MURRAY TO FRANKLIN PIERCE

In more college news, Bishop Guertin girls basketball guard Liv Murray has accepted a full scholarship offer to study and play basketball at Franklin Pierce University in Rindge. Murray will, of course, play her senior season next winter at Guertin, where she has formed a solid backcourt tandem with Cards point guard Brooke Paquette. Both averaged 13 points a game, and Murray was an All-State Second Teamer.

“Other than Paquette and (Division II Player of the Year Elizabeth of Hollis Brookline) Stapelfeld, I don’t think there’s a better player in the area,” Guertin coach Brad Kreick said at the end of last season.

Apparently, Frankline Pierce agreed. Paquette, who is also going into her senior year, is headed to Stonehill and Stapelfeld to St. Joseph’s of Maine.

COACHING OPENINGS

Evidently Hollis Brookline and Merrimack aren’t the only area schools who will have a new boys soccer coach this fall.

The coach of the Alvirne Broncos the last three years, Marcos Vieira Filho won’t be returning as the Broncos had advertised for a new varsity boys soccer coach (as well as a new girls volleyball coach). The departures of Vieira Filho and Brad Hosey from Merrimack means the area is minus two former Daniel Webster College players off the Matt Correa coaching tree. Hosey this past winter took the head job at Fitchburg State. Before coaching the Tomahawks, he had been the coach at Becker College, but that school closed.
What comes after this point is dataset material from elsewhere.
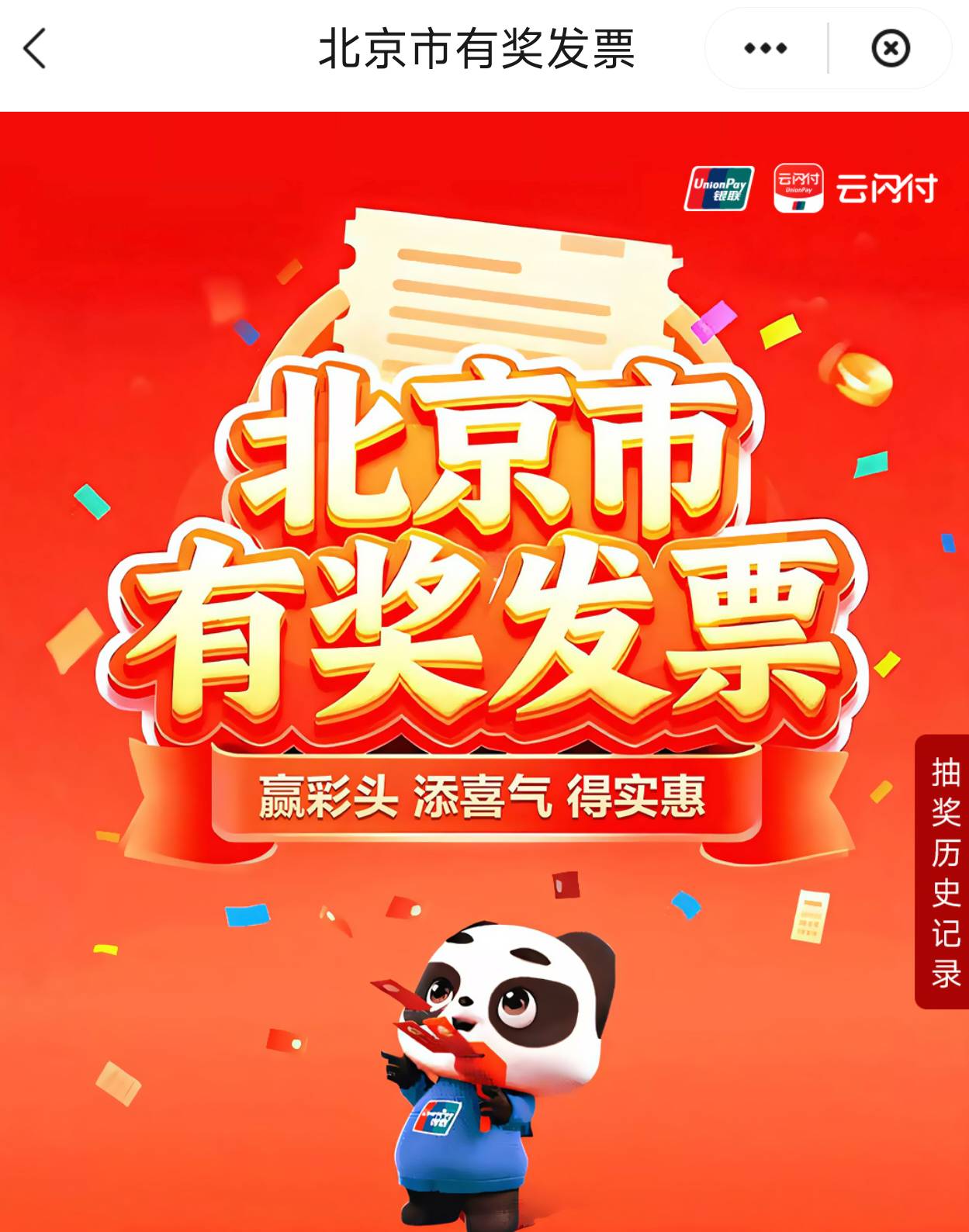 北京fp有说法啊！审核后不给了

67 / 作者:爱吃魔法士 /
Alvirne was 6-9-1 last fall, while Merrimack went 4-12.

JOB WELL DONE

Earlier this week was former Milford athletic director Marc Maurais’ – that looks strange, doesn’t it – final day on the job. The retiring (at least from Milford) Maurais handed the reins over to former Milford Middle School AD Don Gutterson after a brilliant 30-year tenure as the Spartans AD. A job well done, and it will not be the same without him there, for certain.